Things I learned in my time with Mercy:
- There is no easy one-answer solution to life. A therapist is not there to give you a list you can recite to make things go away. A therapist is there to walk alongside with you and examine hurtful memories and lies you’ve accepted as truth in your life. In reflecting with you on certain things, those lies begin to unravel and lose their footing which is a marvelous marvelous miracle. The more closesly you examine theses lies with someone else, the weaker they become until you are no longer burdened by the intense weight of their deception.
- Therapy is a long process and there are some habits and ways of thinking about yourself that will take years to undo. Sometimes you’ve been thinking apples are blue for 25 years, while they’re actually purple… or you know green or whatever. So you must allow yourself a grace period to unlearn the bad things you’ve come to accept as truth about yourself and about the world. This will take time to reverse so be gentle as you learn to rely on the actual truth as a default in your thinking.
- The opinions of others are only valid if you decide they are valid. Sometimes people say some REALLY dumb shit. Some super hurtful things and they don’t even realize the effect their words can have on others. This is when I have to consider the source and distance myself from their words. I must ask myself: “1. does this person truly know me? 2.Is their point valid? 3. What is their motivation behind what they’re saying? 4. Do I actually value their opinion on this matter in my life or am I blindly accepting their words as truth?”
So I guess Mercy wasn’t so bad after all.
I’ve been out of therapy for over a year now, and can I tell you something? I want to go back.
I honestly believe it’s beneficial for everyone, whether they think they need it or not. What an incredible way to press pause on the crazy chaos of life and come face to face with our darkest fears. To name them, call them out and see how small they actually are when brought into the light.

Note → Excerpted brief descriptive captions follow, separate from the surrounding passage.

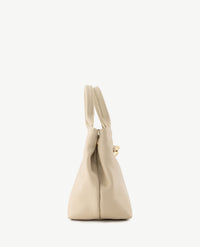 Tas - Felicity - Leer - Licht Beige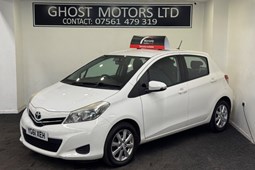 Toyota Yaris (11-20) 1.33 VVT-i TR 5d CVT Auto For Sale - Ghost Motors Ltd, Cleckheaton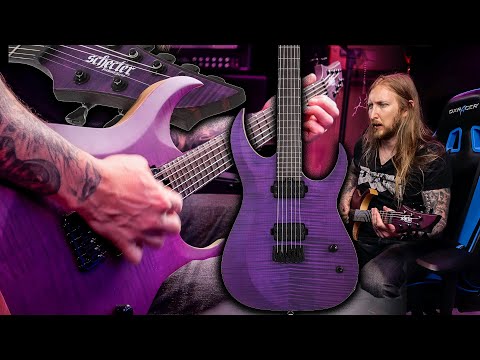 THE DJENT GUITAR - Schecter TAO-6 John Browne sig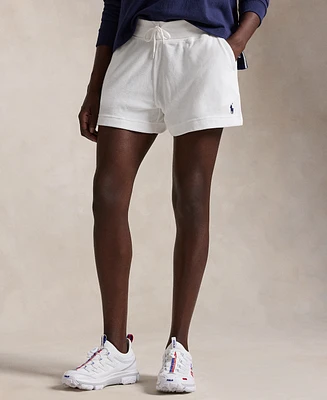 Polo Ralph Lauren Women's Team Usa Terry Drawstring Shorts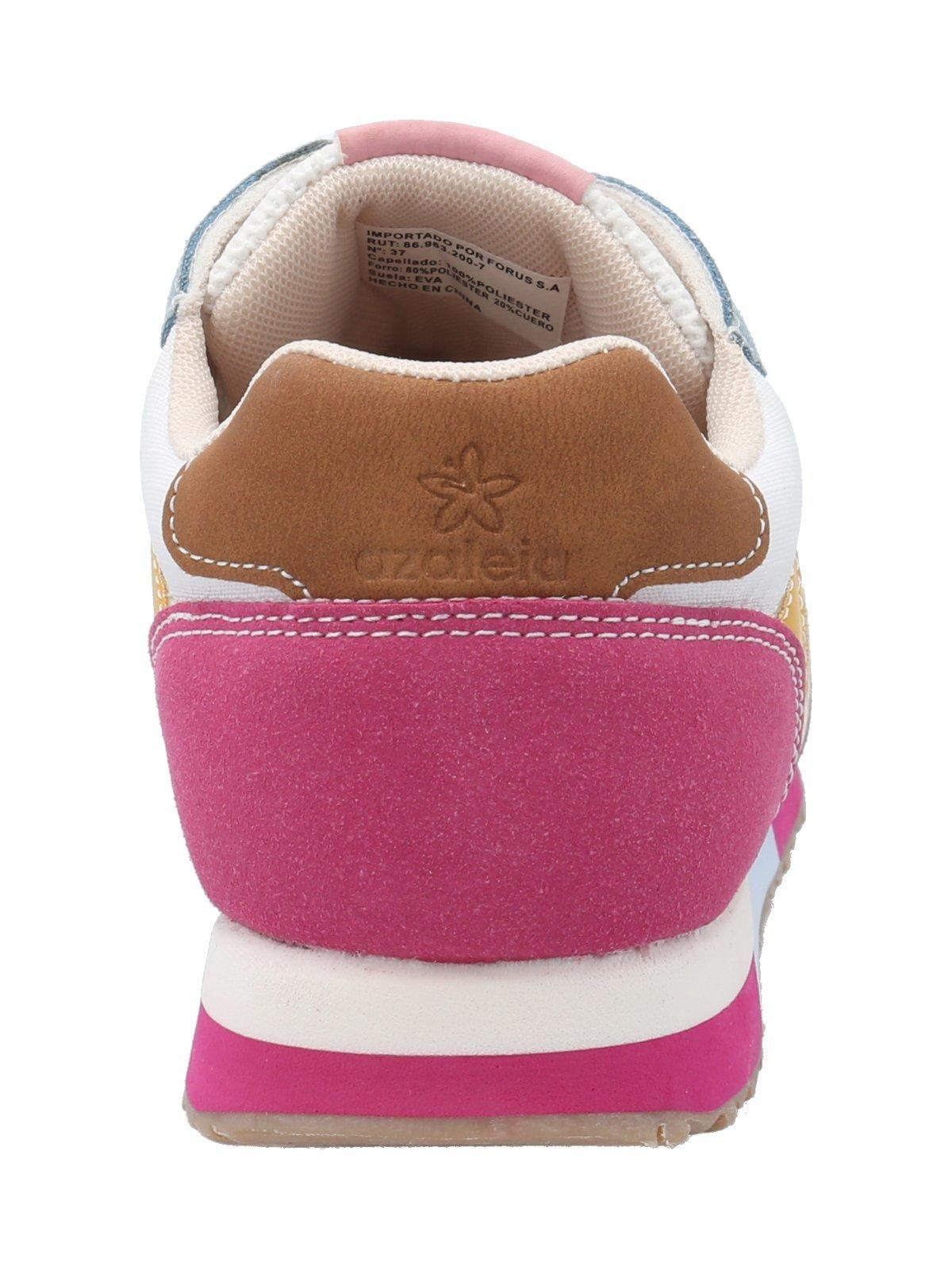 Zapatilla Mujer Dalit Fucsia-6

It’s helpful for me to reflect on the truths I learned in my time with Shalom and Mercy and realize that these are still things I struggle with a year out. I find myself in a pattern of easily believing the same lies I used to. But the main difference now is that I’m able to recognize them. I know what triggers the spiral into anxiety or depression. I’m able to separate myself from the lies and invite God in to heal those places in my heart and my mind – the places the enemy has invaded and told me I am worthless.
I’ll be forever grateful to Shalom and Mercy and forever a believer in the goodness of therapy.
If you’ve been considering it for a while now, maybe this is what you needed to take the plunge. Don’t complicate it- it’s just therapy.